The autobiographical urge behind van Gogh’s painting was important, which is why we acknowledge it. His suffering was important. But even more important is the painting itself, and why it feels so bright, so vivid — as if it were not just an artifact attesting to a long-ago drama, but also something alive in its own right.
How did van Gogh do it? That is the question. Because for the longest time, he was worse than mediocre. His drawing was stiff and clumsy. His painting was dull and belabored. All that he tried looked derivative. You can see this with your own eyes in early drawings of a fisherman and a man with a spade, paintings of a prostitute and a still life with a straw hat.
And then, somehow, van Gogh figured it out. The people around him couldn’t see it, which makes it all the more amazing. But he could. And what is suddenly evident, in just the last few years of his life, is that he had become a painter who, despite all kinds of difficulties, absolutely knew what he was doing.
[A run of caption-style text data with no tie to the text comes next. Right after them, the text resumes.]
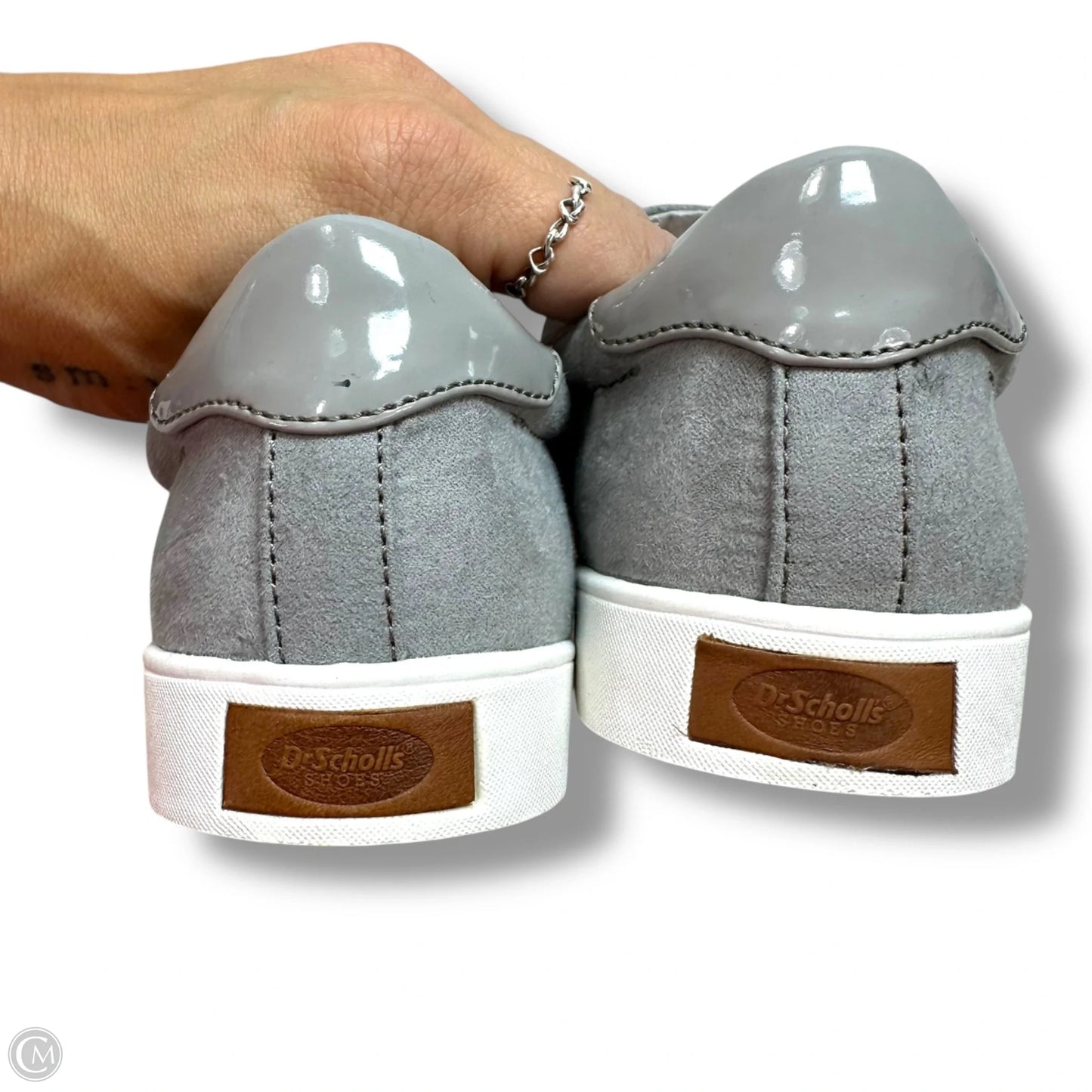 Shoes Flats By Dr Scholls In Grey, Size: 7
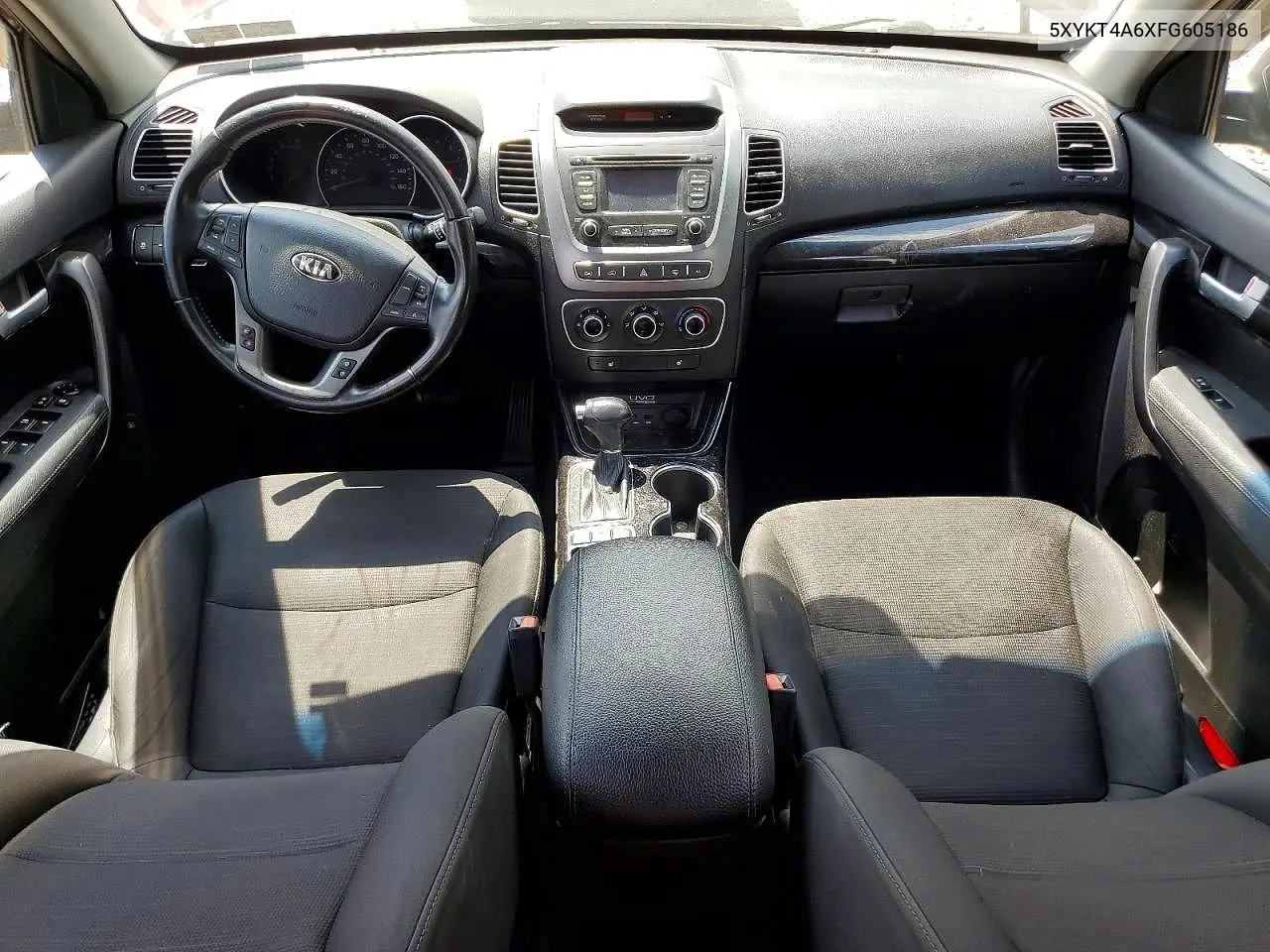 5XYKT4A6XFG605186 2015 Kia Sorento Lx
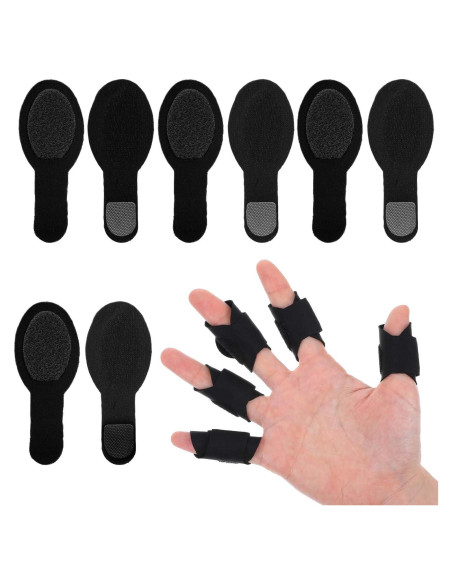 8 Férulas para Dedos AOZUO Color B - Alivio Dolor Artritis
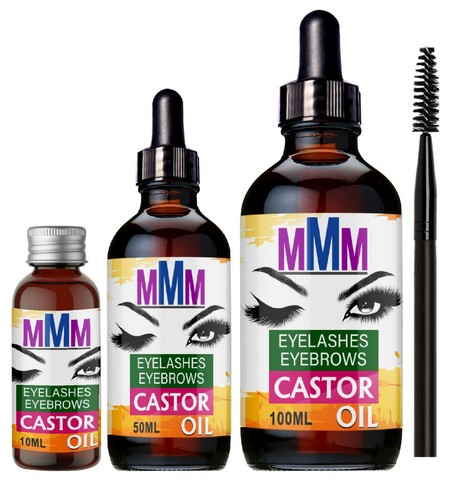 100 pure organic - 100%, castor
People talk about the way van Gogh used unmixed colors squeezed straight from the tube, as if he were a pure-hearted child blissfully finger-painting the hours away. But look at the color in that still life and marvel at how carefully he used it to bring the painting alive. The picture’s dominant contrast is between the complementaries yellow (for the table) and purple (for the background). Complementaries reinforce and calm one another. Van Gogh also uses them on a smaller scale in different parts of the picture: Near the green coffee pot, for instance, he throws in some red dashes and he limns the deep blue of the candle holder with orange.
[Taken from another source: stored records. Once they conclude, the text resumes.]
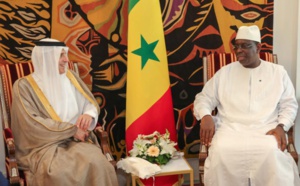 Macky Sall a bel et bien reçu le ministre des Affaires étrangères Saoudien... Voici la version officielle !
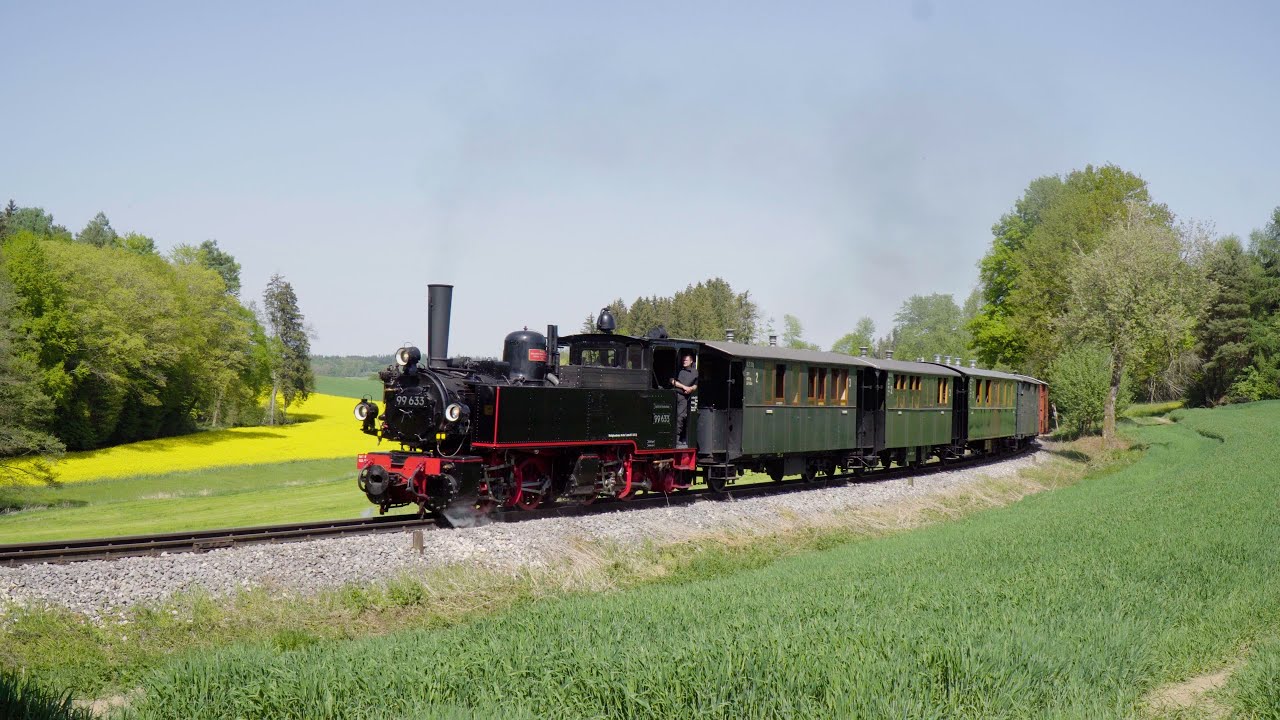 Württembergischer Schmalspur-Traum - Teil 2: Die Steigungsstrecke beim 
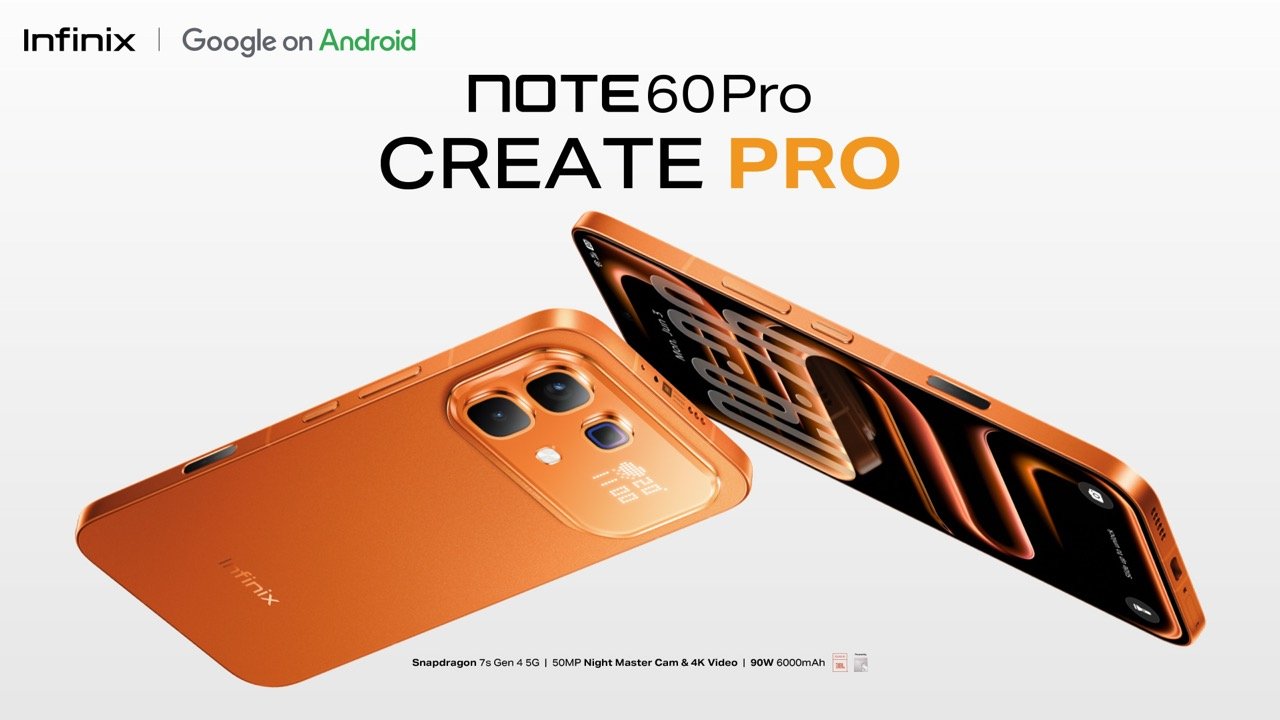 The Infinix NOTE 60 Pro packs Snapdragon power, a hidden interactive screen, and 6000mAh for KES 41,999.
But just as much as complementaries, van Gogh loved using colors that are adjacent on the color wheel. These combinations are edgier, more agitated. He was always, for instance, using acidic yellow-greens and queasy green-yellows. Here he places the deep red of the sealing wax next to the musky pink on the book’s cover. And he surrounds the deep blue of the candle holder with turquoise and lavender. There are four or five shades of green in the painting, and a similar number of blues. But enough! Analyzing color is like explaining a joke. The point is that van Gogh used color to enliven the objects he painted and to enliven the painting itself.
He used drawing in the same way. One of the joys of this exhibition is watching the artist convert his awkward, blockish manner of drawing into a supple, expansive and vibrant idiom that works a lot like his handling of color. His signature hatching, for instance, combines the rhythmic, calming effects of repeated parallel lines with the agitated energy produced by constant variations in direction, length, thickness and weight.
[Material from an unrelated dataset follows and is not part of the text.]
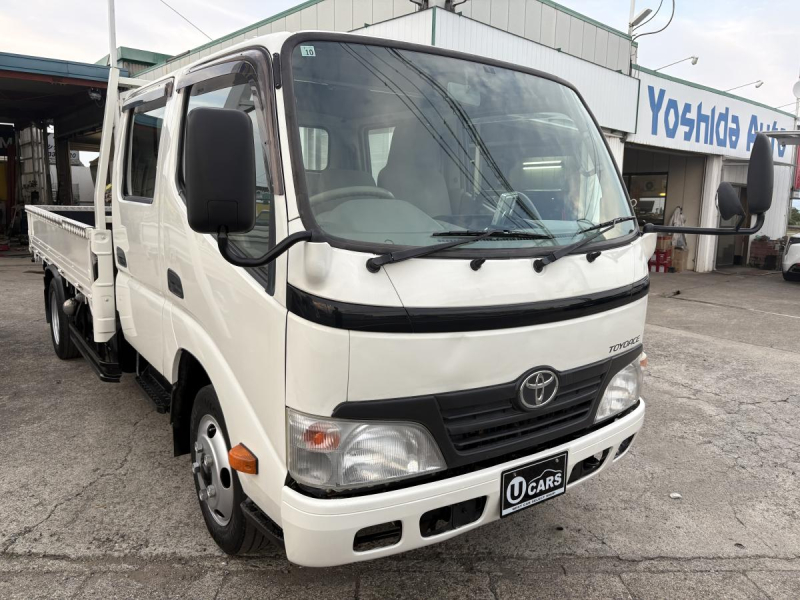 H22　トヨエース　Wキャブロング|中古トラックの販売・買取・査定のアイナビ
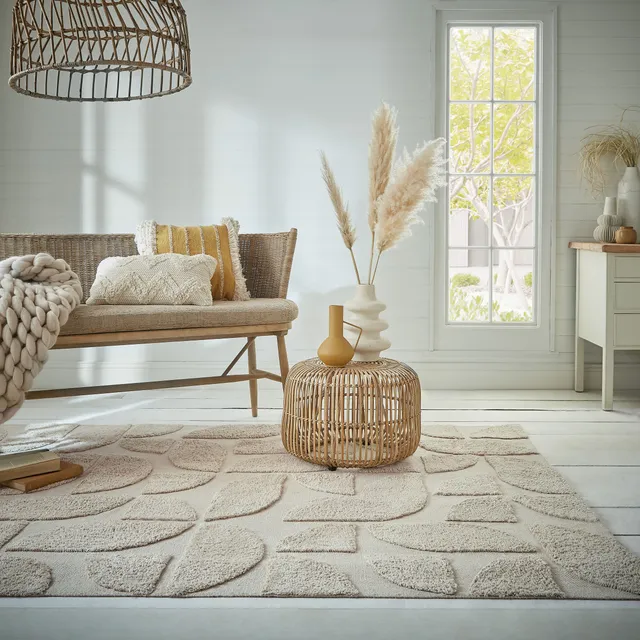 flair-rugs-ada-arch-geometrischer-getufteter-teppich image 1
A case in point is the show’s greatest drawing: the Dallas Museum of Art’s “Café Terrace on the Place du Forum.” It’s a large pen-and-ink drawing — you’ll probably recognize the image — that van Gogh made a few months before the Kr?ller-Müller still life. Cafe customers are eating under an outdoor awning. The picture’s vitality comes from its surface rhythms, which are the product, in turn, of the hatching he used for the cobblestones, the patch of sky and the exterior surfaces of the buildings.
To bring things — even inanimate things — to life, and to make a new living thing in the process. What more could anyone ask of art?
Vincent Van Gogh: His Life in Art Through Jun. 27 at the Museum of Fine Arts, Houston. mfah.org.